Variable-diameter refractive beam shaping with freeform optical surfaces.

We propose a refractive two-element system that converts the gaussian irradiance of an incident laser beam into a nominally flat-top output spot at a given distance with the capability to vary the spot diameter. The elements are high-order freeform surfaces that, when laterally translated, form a variable composite beam shaper. The general approach for determining the required freeform surfaces is discussed, and example design results are presented.

Effect of line-width roughness on optical scatterometry measurements

Line width roughness (LWR) has been identified as a potential source of uncertainty in scatterometry measurements, and characterizing its effect is required to improve the methods accuracy and to make measurements traceable.
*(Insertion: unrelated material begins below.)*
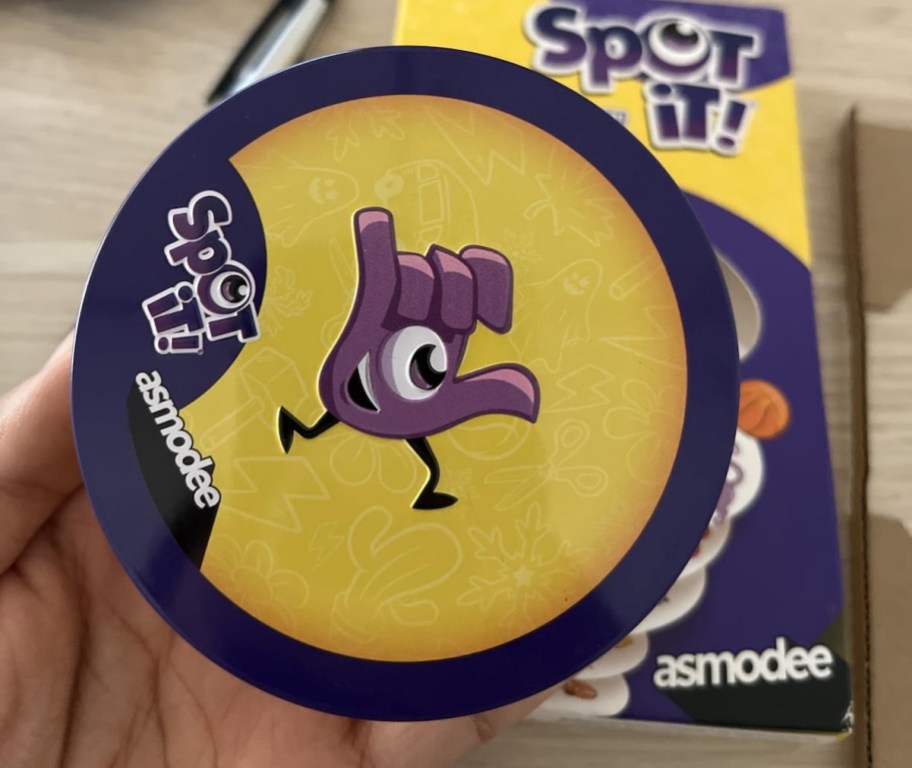 hand holding spot it card game tin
In this work, we extend previous work by using rigorous coupled wave (RCW) analysis on two-dimensionally periodic structures to examine the effects of LWR. We compare the results with simpler models relying upon a number of effective medium approximations. We find that the effective medium approximations yield an approximate order of magnitude indicator of the effect, but that the quantitative agreement may not be good enough to include in scatterometry models.